Step 1
|
Download the Cisco Nexus Dashboard image.
-
Browse to the Software Download page.
-
Click Nexus Dashboard Software.
-
From the left sidebar, choose the Nexus Dashboard version you want to download.
-
Download the Cisco Nexus Dashboard image for Linux KVM (nd-dk9.<version>.qcow2 ).
|
Step 2
|
Copy the image to the Linux KVM servers where you will host the nodes.
You can use scp to copy the image, for example:
# scp nd-dk9.<version>.qcow2 root@<kvm-host-ip>:/home/nd-base
The following steps assume you copied the image into the /home/nd-base directory.
|
Step 3
|
Create the required disk images for the first node.
You will create a snapshot of the base qcow2 image you downloaded and use the snapshots as the disk images for the nodes' VMs. You will also need to create a second disk
image for each node.
-
Log in to your KVM host as the root user.
-
Create a directory for the node's snapshot.
The following steps assume you create the snapshot in the /home/nd-node1 directory.
# mkdir -p /home/nd-node1/
# cd /home/nd-node1
-
Create the snapshot.
In the following command, replace /home/nd-base/nd-dk9.<version>.qcow2 with the location of the base image you created in the previous step.
# qemu-img create -f qcow2 -b /home/nd-base/nd-dk9.<version>.qcow2 /home/nd-node1/nd-node1-disk1.qcow2
Note
|
If you are deploying in RHEL 8.6, you may need to provide an additional parameter to define the destination snapshot's format
as well. In that case, update the above command to the following:
# qemu-img create -f qcow2 -b
/home/nd-base/nd-dk9.2.1.1a.qcow2
/home/nd-node1/nd-node1-disk1.qcow2
-F qcow2
|
-
Create the additional disk image for the node.
Each node requires two disks: a snapshot of the base Nexus Dashboard qcow2 image and a second 500GB disk.
# qemu-img create -f qcow2 /home/nd-node1/nd-node1-disk2.qcow2 500G
|
Step 4
|
Repeat the previous step to create the disk images for the second and third nodes.
Before you proceed to the next step, you should have the following:
-
For the first node, /home/nd-node1/ directory with two disk images:
-
/home/nd-node1/nd-node1-disk1.qcow2 , which is a snapshot of the base qcow2 image you downloaded in Step 1.
-
/home/nd-node1/nd-node1-disk2.qcow2 , which is a new 500GB disk you created.
-
For the second node, /home/nd-node2/ directory with two disk images:
-
/home/nd-node2/nd-node2-disk1.qcow2 , which is a snapshot of the base qcow2 image you downloaded in Step 1.
-
/home/nd-node2/nd-node2-disk2.qcow2 , which is a new 500GB disk you created.
-
For the tthird node, /home/nd-node3/ directory with two disk images:
-
/home/nd-node1/nd-node3-disk1.qcow2 , which is a snapshot of the base qcow2 image you downloaded in Step 1.
-
/home/nd-node1/nd-node3-disk2.qcow2 , which is a new 500GB disk you created.
|
Step 5
|
Create the first node's VM.
-
Open the KVM console and click New Virtual Machine.
You can open the KVM console from the command line using the virt-manager command.
-
In the New VM screen, choose Import existing disk image option and click Forward.
-
In the Provide existing storage path field, click Browse and select the nd-node1-disk1.qcow2 file.
We recommend that each node's disk image is stored on its own disk partition.
-
Choose Generic for the OS type and Version, then click Forward.
-
Specify 64GB memory and 16 CPUs, then click Forward.
-
Enter the Name of the virtual machine, for example nd-node1 and check the Customize configuration before install option.
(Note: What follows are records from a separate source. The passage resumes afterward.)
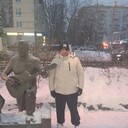 ���������� ������, ���� ������� ��, 46 ���, ������������ ��� ����� � ���������, c�������� ���������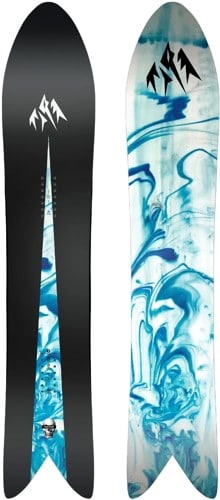 jones-storm-wolf-snowboard.jpg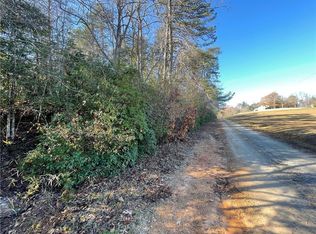 6153 Highlands Hwy, Mountain Rest, SC 29664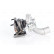 Charger, charging system, Thumbnail 5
Then click Finish.
Note
|
You must select the Customize configuration before install checkbox to be able to make the disk and network card customizations required for the node.
|
The VM details window will open.
In the VM details window, change the NIC's device model:
-
Select NIC <mac>.
-
For Device model, choose e1000 .
-
For Network Source, choose the bridge device and provide the name of the "mgmt" bridge.
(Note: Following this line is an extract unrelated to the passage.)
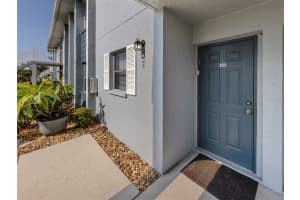 25050 Sandhill Blvd #6a3, PUNTA GORDA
In the VM details window, add a second NIC:
-
Click Add Hardware.
-
In the Add New Virtual Hardware screen, select Network.
-
For Network Source, choose the bridge device and provide the name of the created "data" bridge.
-
Leave the default Mac address value.
-
For Device model, choose e1000 .
In the VM details window, add the second disk image:
-
Click Add Hardware.
-
In the Add New Virtual Hardware screen, select Storage.
-
For the disk's bus driver, choose IDE .
-
Select Select or create custom storage, click Manage, and select the nd-node1-disk2.qcow2 file you created.
-
Click Finish to add the second disk.
Note
|
Ensure that you enable the Copy host CPU configuration option in the Virtual Machine Manager UI.
|
Finally, click Begin Installation to finish creating the node's VM.
|
Step 6
|
Repeat previous steps to deploy the second and third nodes, then start all VMs.
Note
|
If you are deploying a single-node cluster, you can skip this step.
|
|
Step 7
|
Open one of the node's console and configure the node's basic information.
-
Press any key to begin initial setup.
You will be prompted to run the first-time setup utility:
[ OK ] Started atomix-boot-setup.
Starting Initial cloud-init job (pre-networking)...
Starting logrotate...
Starting logwatch...
Starting keyhole...
[ OK ] Started keyhole.
[ OK ] Started logrotate.
[ OK ] Started logwatch.
Press any key to run first-boot setup on this console...
-
Enter and confirm the admin password
This password will be used for the rescue-user SSH login as well as the initial GUI password.
Note
|
You must provide the same password for all nodes or the cluster creation will fail.
|
Admin Password:
Reenter Admin Password:
-
Enter the management network information.
Management Network:
IP Address/Mask: 192.168.9.172/24
Gateway: 192.168.9.1
-
For the first node only, designate it as the "Cluster Leader".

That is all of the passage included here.